Problem details - Every line in the data below from the one containing "Casă cu Teren 1115 Mp în Garoafa" down to the one containing "Used Jinbei Hiace", both included, must be retyped exactly; no other line is to appear.

Stored records -
**********

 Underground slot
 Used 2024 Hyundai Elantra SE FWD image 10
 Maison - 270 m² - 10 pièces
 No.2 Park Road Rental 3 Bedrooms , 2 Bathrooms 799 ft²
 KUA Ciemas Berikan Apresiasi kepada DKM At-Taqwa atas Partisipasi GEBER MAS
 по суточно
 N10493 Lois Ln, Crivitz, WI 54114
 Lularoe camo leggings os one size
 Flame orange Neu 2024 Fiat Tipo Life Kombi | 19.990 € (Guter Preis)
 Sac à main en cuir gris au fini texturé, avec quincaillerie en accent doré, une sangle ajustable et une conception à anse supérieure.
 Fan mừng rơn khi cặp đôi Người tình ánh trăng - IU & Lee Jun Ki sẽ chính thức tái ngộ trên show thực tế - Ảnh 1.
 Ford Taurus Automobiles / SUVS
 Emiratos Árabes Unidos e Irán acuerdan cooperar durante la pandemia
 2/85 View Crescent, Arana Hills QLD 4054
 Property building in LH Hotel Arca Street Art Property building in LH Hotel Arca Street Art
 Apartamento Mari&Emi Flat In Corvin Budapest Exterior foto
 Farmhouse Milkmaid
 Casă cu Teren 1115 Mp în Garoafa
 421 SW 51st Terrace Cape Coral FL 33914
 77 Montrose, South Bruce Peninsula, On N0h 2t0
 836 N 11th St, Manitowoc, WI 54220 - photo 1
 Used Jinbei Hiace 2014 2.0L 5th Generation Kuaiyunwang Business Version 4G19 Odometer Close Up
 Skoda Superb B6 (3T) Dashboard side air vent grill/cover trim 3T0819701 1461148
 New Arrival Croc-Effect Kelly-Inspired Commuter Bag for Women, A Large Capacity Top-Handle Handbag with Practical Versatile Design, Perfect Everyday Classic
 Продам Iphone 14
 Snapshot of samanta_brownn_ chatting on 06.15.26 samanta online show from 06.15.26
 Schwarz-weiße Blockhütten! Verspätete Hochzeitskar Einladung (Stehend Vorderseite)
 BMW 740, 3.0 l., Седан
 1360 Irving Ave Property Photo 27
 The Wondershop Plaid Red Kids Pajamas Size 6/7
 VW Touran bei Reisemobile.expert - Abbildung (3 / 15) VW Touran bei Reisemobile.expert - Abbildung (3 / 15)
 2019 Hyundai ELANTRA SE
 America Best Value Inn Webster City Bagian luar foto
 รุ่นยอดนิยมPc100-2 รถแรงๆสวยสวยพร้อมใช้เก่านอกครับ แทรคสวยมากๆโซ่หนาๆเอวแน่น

**********

Task output -
 Casă cu Teren 1115 Mp în Garoafa
 421 SW 51st Terrace Cape Coral FL 33914
 77 Montrose, South Bruce Peninsula, On N0h 2t0
 836 N 11th St, Manitowoc, WI 54220 - photo 1
 Used Jinbei Hiace 2014 2.0L 5th Generation Kuaiyunwang Business Version 4G19 Odometer Close Up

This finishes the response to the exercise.